* **DATA SUPPLIED**:
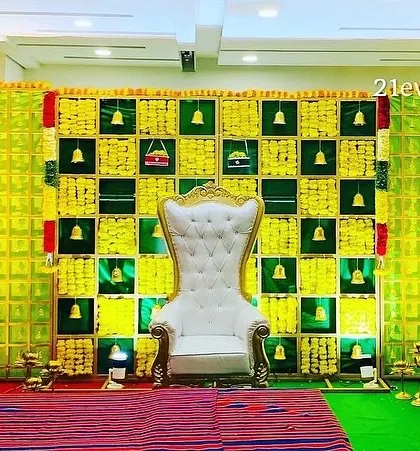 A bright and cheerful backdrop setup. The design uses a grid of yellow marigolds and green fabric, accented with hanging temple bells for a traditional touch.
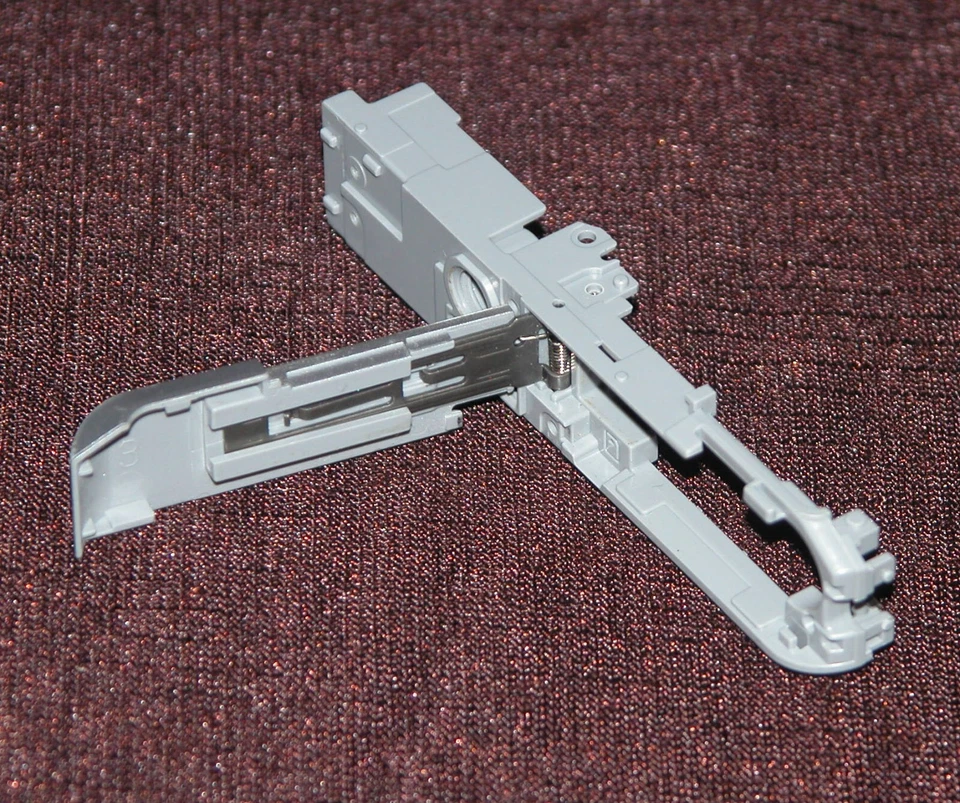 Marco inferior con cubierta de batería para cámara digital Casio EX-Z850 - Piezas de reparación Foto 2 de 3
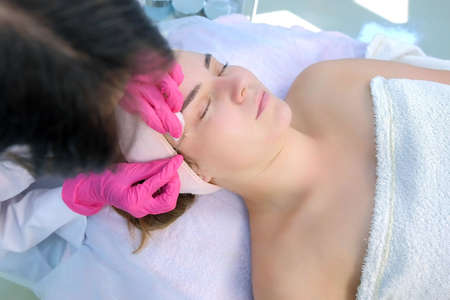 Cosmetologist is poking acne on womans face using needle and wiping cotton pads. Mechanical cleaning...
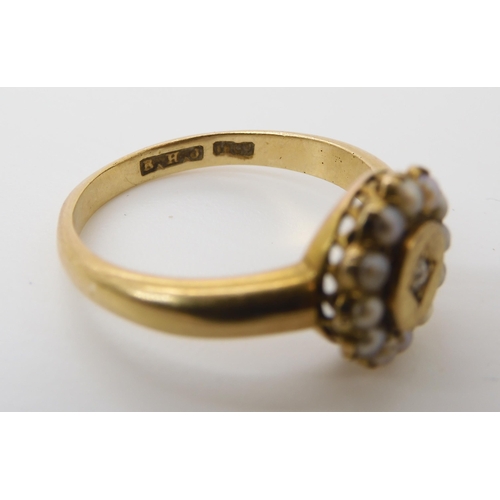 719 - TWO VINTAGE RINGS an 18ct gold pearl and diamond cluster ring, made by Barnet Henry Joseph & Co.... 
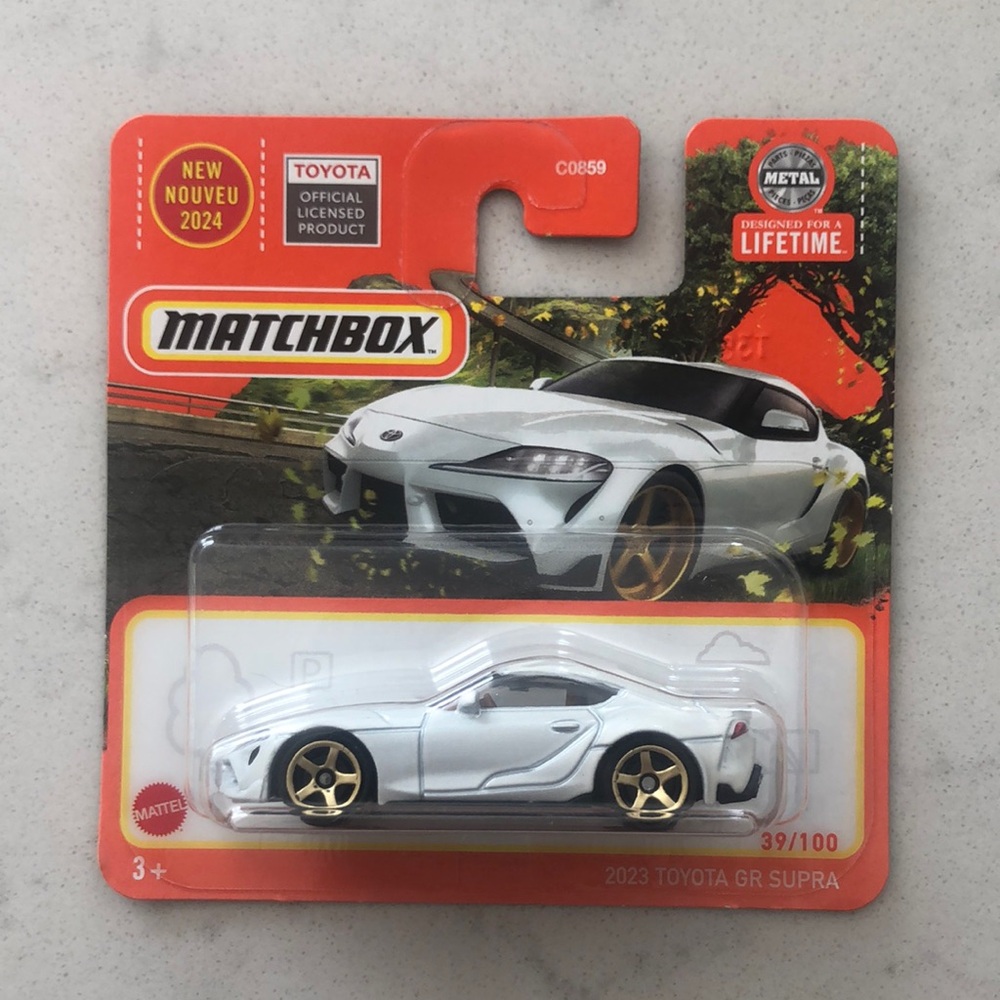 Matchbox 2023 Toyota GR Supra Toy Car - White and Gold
...
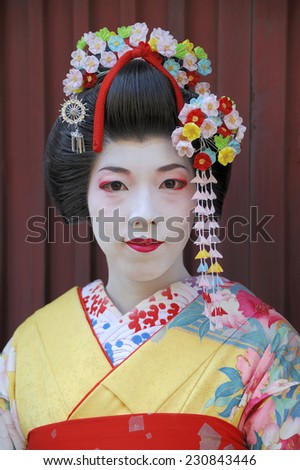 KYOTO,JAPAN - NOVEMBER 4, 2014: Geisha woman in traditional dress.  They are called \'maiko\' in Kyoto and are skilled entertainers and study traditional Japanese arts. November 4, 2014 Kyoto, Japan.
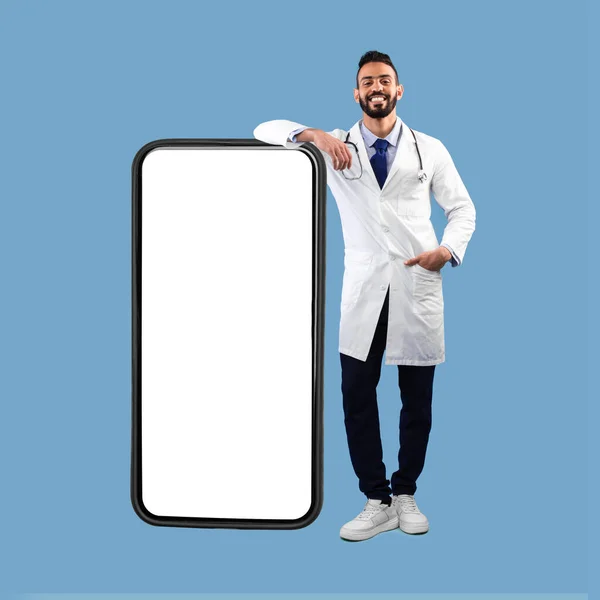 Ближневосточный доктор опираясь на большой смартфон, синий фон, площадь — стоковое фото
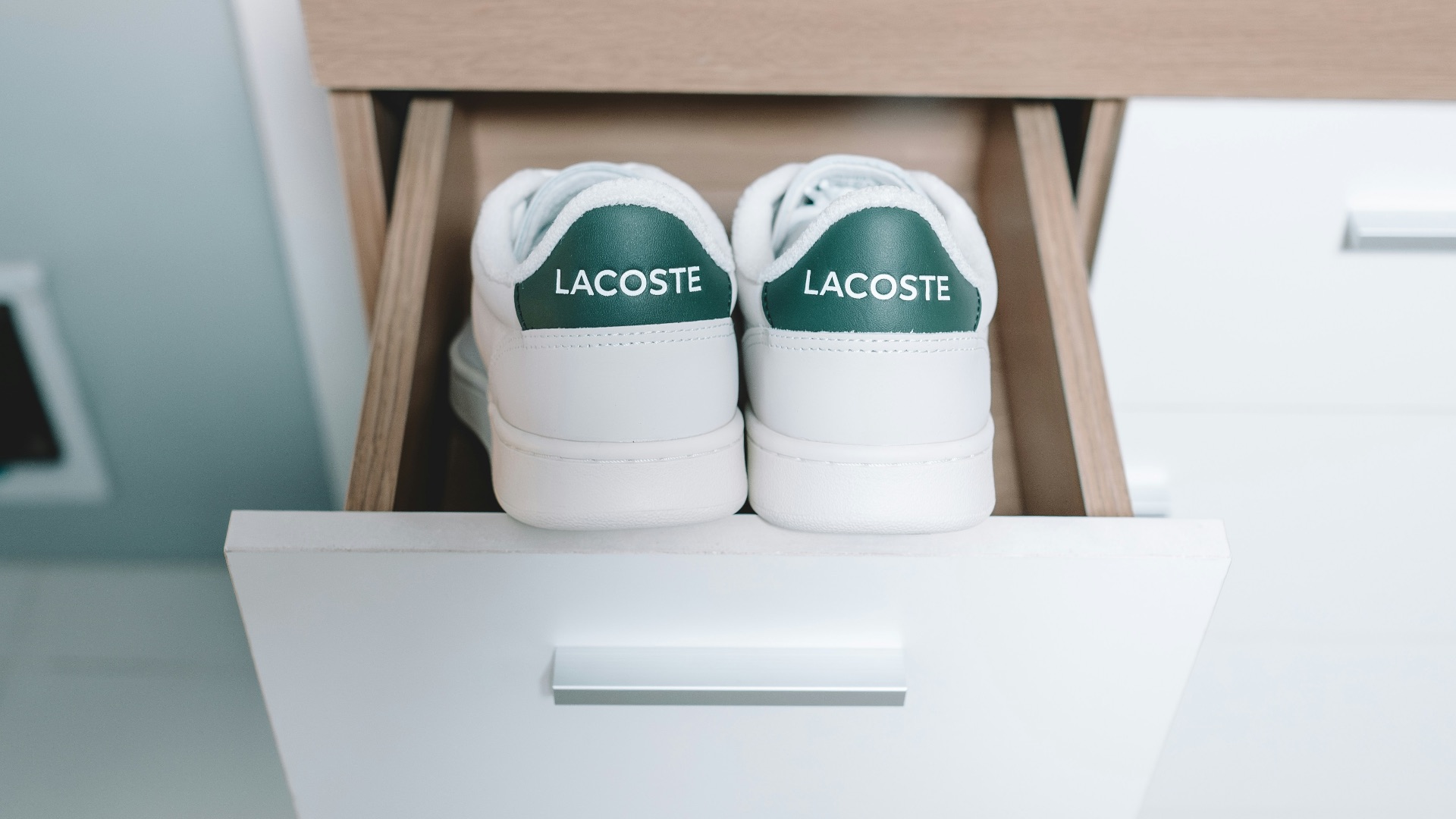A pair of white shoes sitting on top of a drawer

* **EXERCISE AIM**:
The lines above starting at the one that holds "A bright and" and ending at the one that holds "Matchbox 2023 Toyota" are to be written out exactly, ends included, and no pictures are to be copied.

* **REPLY**:
 A bright and cheerful backdrop setup. The design uses a grid of yellow marigolds and green fabric, accented with hanging temple bells for a traditional touch.
 Marco inferior con cubierta de batería para cámara digital Casio EX-Z850 - Piezas de reparación Foto 2 de 3
 Cosmetologist is poking acne on womans face using needle and wiping cotton pads. Mechanical cleaning...
 719 - TWO VINTAGE RINGS an 18ct gold pearl and diamond cluster ring, made by Barnet Henry Joseph & Co.... 
 Matchbox 2023 Toyota GR Supra Toy Car - White and Gold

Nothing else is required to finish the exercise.